2. Tampa Bay Rays (4.2 WAR)
While contextually, the sentiment of Kevin Cash’s “stable” remarks was unconscionable, openly threatening opposing athletes with physical violence, they were in a sense, factually accurate. In 2020, Rays relief pitchers generated 3.7 WAR, the most in the majors. Among those horsemen was sinker-slider hoss Diego Castillo, triple-digit speeder Peter Fairbanks, and the best of the bunch, Nick Anderson. Though he was probably baseball’s best reliever through the 60-game regular season, Anderson slowly imploded across the latter-half of the Rays’ playoff run following the allowance of an Aaron Judge homer in the ALDS. While his deterioration was likely more due to overuse than anything else, it would be nice to imagine that Aaron Judge’s immense power stretches into the psychic realm.
In addition to the aforementioned triumvirate, Chaz Roe’s all-time slide-piece is an incredible luxury, and Brendan McKay’s two-way upside still intrigues.
1. New York Yankees (5.2 WAR)
The Yankees’ bullpen in 2020 was a bit of a mess. The club started behind the eight-ball with Tommy Kahnle out for the year and Aroldis Chapman’s COVID contraction. Adam Ottavino’s collapse only made matters worse, regardless of whether it represented some tangible loss of skill or just some seriously bad luck.
With <crosses fingers> Chapman, Zach Britton, and Chad Green all healthy, the Yankees arguably have the best trio of arms in the entire major leagues (again). In the past couple seasons, even when the team’s top tier has been rolling, they’ve lacked the depth to put away game after game without leaning too hard on those three.
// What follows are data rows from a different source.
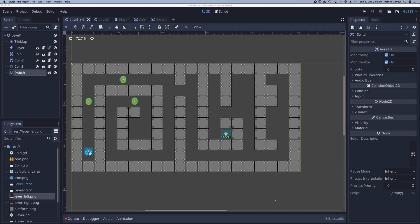In the previous lesson, we created a switch to open a hidden door. Now in this lesson, we need to actually create the hidden door.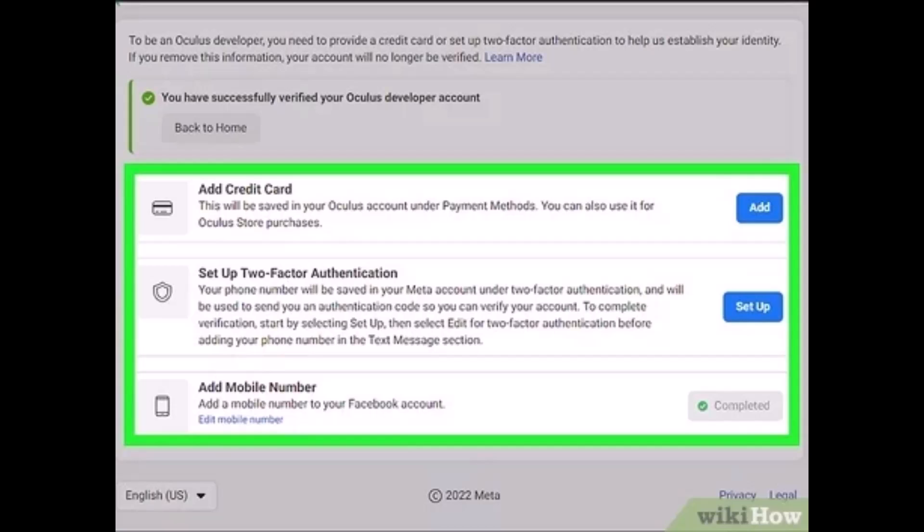Now, the actual process of enabling developer options is pretty lengthy, so I'll leave that for another video. Or you can tap on the i button as I said earlier.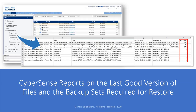In the lower right screenshot, highlighted in red, you'll see the number of files that were corrupted — a couple thousand files that CyberSense detected. The summary report then summarizes the backup sets that need to be restored to recover the last good version of those files.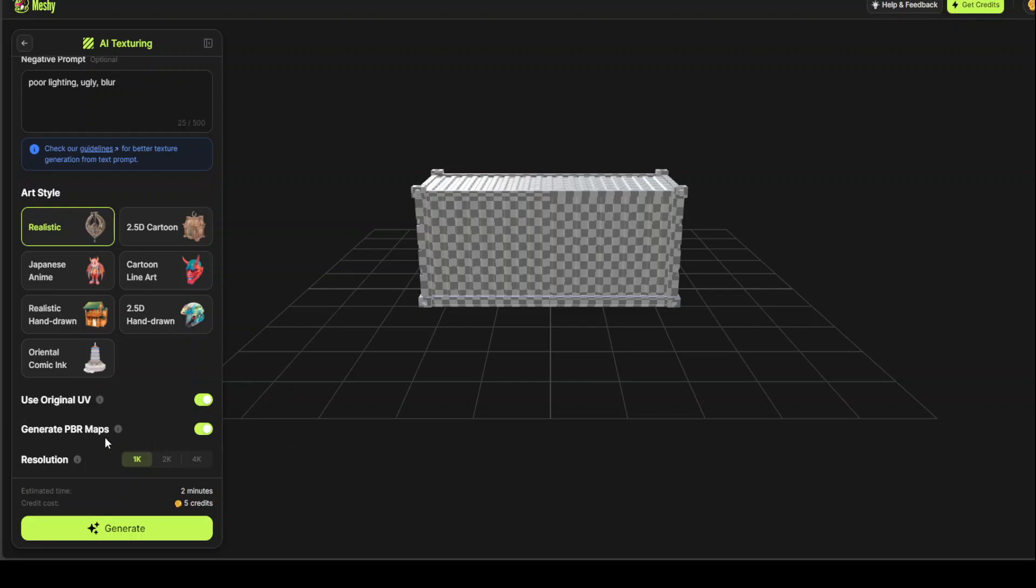Also, there is Generate PBR Maps. So, PBR Maps or PBR stands for Physically Based Rendering Maps. It provides critical information that describes the visual properties of a surface in a physically plausible way. The primary objective of this PBR Map is to inform 3D software of the various properties of a texture so that realistic-looking results can be achieved under all lighting conditions. So, let's also toggle it on. Now, let's create, click on Generate.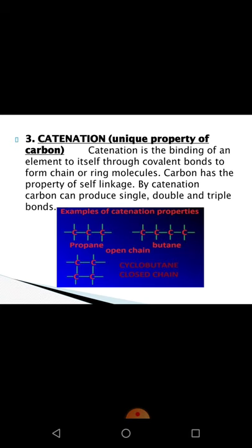The third property is catenation. It is the unique property of carbon. Catenation is the binding of an element to itself through covalent bonds to form chain or ring molecules. Carbon has the property of self-linkage — it can link with hundreds and thousands of other carbon atoms to form long carbon-carbon chains or rings. By catenation, carbon can produce single, double, and triple bonds, and can also form bonds with other atoms like hydrogen, oxygen, nitrogen, etc. Examples of catenation include propane, butane, and cyclobutane. This property — carbon linking with carbon — is called catenation.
This season, they’ve added Justin Wilson and Darren O’Day as tried-and-true, solid-to-stellar, fourth and fifth arms out of the pen. While they’re each in the latter part of their career, particularly the 38-year-old O’Day, both pitchers have maintained well above average peripherals over the past several seasons. O’Day’s ERA+ since 2012 is 180, including a preposterous 440 mark last season, and Wilson’s kept his ERA+ over 100 in all nine of his major league seasons save for two. Even Luis Cessa and Jonathan Loáisaga’s surprisingly solid ability to induce poor contact without great control or swing and miss stuff give them the upside of overqualified innings-eaters.
The Yankees’ steadily dominant top-end arms are bolstered by a group that should inspire more confidence than anxiety through the middle-to-late-innings. With an excess of competence, the Yankees are in position to allow their relievers to star in their roles, rather than struggle to fill shoes two sizes too big.